Melicena, minúsculo anejo de la localidad de Sorvilán, tiene unos 200 vecinos -un par de cientos más en verano-. Son pocos, pero extraordinariamente activos. En las últimas semanas, dos asociaciones ciudadanas y otra ecologista, cinco residentes particulares y dos partidos políticos han presentado alegaciones contra un plan que prevé la construcción de apartamentos en la playa del poblado costero, en una parcela incrustada, en una parte nada desdeñable, en el inviolable dominio público marítimo terrestre. La finca es propiedad del empresario que promueve la urbanización.
Según los documentos gráficos a los que ha tenido acceso IDEAL, no podría construirse en más de la mitad de la parcela, que tiene cinco mil metros cuadrados de superficie.
El sorprendente esfuerzo social de Melicena -lo desgraciadamente normal en estos asuntos urbanísticos es que las quejas lleguen cuando ya no hay nada que hacer- no está siendo baldío. El pequeño está dando más guerra -en el buen sentido de la palabra- que muchos grandes, que ahora se las ven y se las desean para librarse de una costra de cemento que no hay tribunal que la disuelva.
Costas advierte
Además de formular sus reparos ante el Ayuntamiento de Sorvilán (gobernado por el PP), los vecinos también han acudido en busca de información al Servicio Provincial de Costas de Granada, organismo gubernamental dependiente del Ministerio de Medio Ambiente. Dicho departamento ha respondido a sus interlocutores que el Consistorio de Sorvilán ya sabe que la parcela en cuestión es muy delicada -dista del mar una quincena de metros- desde el punto de vista urbanístico.
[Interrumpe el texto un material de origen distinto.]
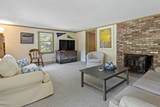53 Bayberry Lane - Photo 7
En cualquier caso, Costas advierte de que vigilará para que «no se invada el dominio público marítimo terrestre» ni la servidumbre de paso. Es una aviso a navegantes.
Acuerdo municipal
La inquietud de los vecinos de Melicena -que llevan dándoles vueltas a este tema desde hace meses- se incrementó tras la presentación y publicación en el Boletín Oficial de la Provincia -del pasado 27 de octubre- de un edicto del Ayuntamiento de Sorvilán, que dirige la popular Elena Maldonado, que daba cuenta de la aprobación inicial de la «construcción de un edificio de viviendas, locales comerciales y plazas de garaje» en un terreno situado en el paseo marítimo del núcleo de Melicena.
El visto bueno provisional, decía el escrito oficial, estaba basado en el informe emitido por el arquitecto municipal.
Sea como fuere, el constructor -en el caso de que finalmente obtuviese la licencia y, posteriormente, pasase el filtro de la Comisión Provincial de Urbanismo- deberá trabajar con una precisión milimétrica para no ocupar el dominio público.
Plan gubernamental
De hecho, los firmantes de las alegaciones sostienen que la ley no permite alicatar con ladrillo el solar en cuestión. En ese sentido, piden que se proteja el «carácter público» de la parcela, «manteniéndolo a salvo de las presiones urbanísticas», y abogan porque albergue un parque para el disfrute de los vecinos.
La implicación del Ministerio de Medio de Ambiente en el 'caso Melicena' es doble. El departamento que dirige Cristina Narbona ha incluido el polémico lugar en su inventario de parajes que son susceptibles de ser adquiridos para impedir que el cemento siga invadiendo el ya castigado litoral español. La finca sigue estando en la lista, aunque este periódico no ha podido confirmar si el Ministerio han hablado con el propietario o no.
Cuando el interés del Gobierno por uno de estos sitios es especialmente intenso, se recurre a la expropiación, que es la última estación. En Asturias, por ejemplo, ya se ha dado esta circunstancia.
Para los vecinos y colectivos que han presentado alegaciones, un acuerdo entre el dueño del terreno y Medio Ambiente sería la solución más satisfactoria para todas las partes. Y es que las personas que se oponen al proyecto no desean que el empresario se vea perjudicado. Creen que se podría llegar a un pacto para que el empresario se desprendiese de la finca a cambio de poder construir en un lugar que no perjudique los intereses públicos.